Combination small molecule MEK and PI3K inhibition enhances uveal melanoma cell death in a mutant GNAQ- and GNA11-dependent manner.
ABSTRACT Activating Q209L/P mutations in GNAQ or GNA11 (GNAQ/11) are present in approximately 80% of uveal melanomas. Mutant GNAQ/11 are not currently therapeutically targetable. Inhibiting key down-stream effectors of GNAQ/11 represents a rational therapeutic approach for uveal melanomas that harbor these mutations. The mitogen-activated protein/extracellular signal-regulated kinase/mitogen-activated protein kinase (MEK/MAPK) and PI3K/AKT pathways are activated in uveal melanoma. In this study, we test the effect of the clinically relevant small molecule inhibitors GSK1120212 (MEK inhibitor) and GSK2126458 (pan class I PI3K inhibitor) on uveal melanoma cells with different GNAQ/11 mutation backgrounds.
We use the largest set of genetically annotated uveal melanoma cell lines to date to carry out in vitro cellular signaling, cell-cycle regulation, growth, and apoptosis analyses. RNA interference and small molecule MEK and/or PI3K inhibitor treatment were used to determine the dependency of uveal melanoma cells with different GNAQ/11 mutation backgrounds on MEK/MAPK and/or PI3K/AKT signaling. Proteomic network analysis was done to unveil signaling alterations in response to MEK and/or PI3K small molecule inhibition.

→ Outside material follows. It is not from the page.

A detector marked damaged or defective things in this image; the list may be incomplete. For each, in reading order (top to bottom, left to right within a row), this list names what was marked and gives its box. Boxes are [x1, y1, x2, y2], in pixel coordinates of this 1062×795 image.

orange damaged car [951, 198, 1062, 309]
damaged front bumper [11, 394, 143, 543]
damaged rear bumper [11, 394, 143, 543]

GNAQ/11 mutation status was not a determinant of whether cells would undergo cell-cycle arrest or growth inhibition to MEK and/or phosphoinositide 3-kinase (PI3K) inhibition. A reverse correlation was observed between MAPK and AKT phosphorylation after MEK or PI3K inhibition, respectively. Neither MEK nor PI3K inhibition alone was sufficient to induce apoptosis in the majority of cell lines; however, the combination of MEK + PI3K inhibitor treatment resulted in the marked induction of apoptosis in a GNAQ/11 mutant-dependent manner.
MEK + PI3K inhibition may be an effective combination therapy in uveal melanoma, given the inherent reciprocal activation of these pathways within these cells.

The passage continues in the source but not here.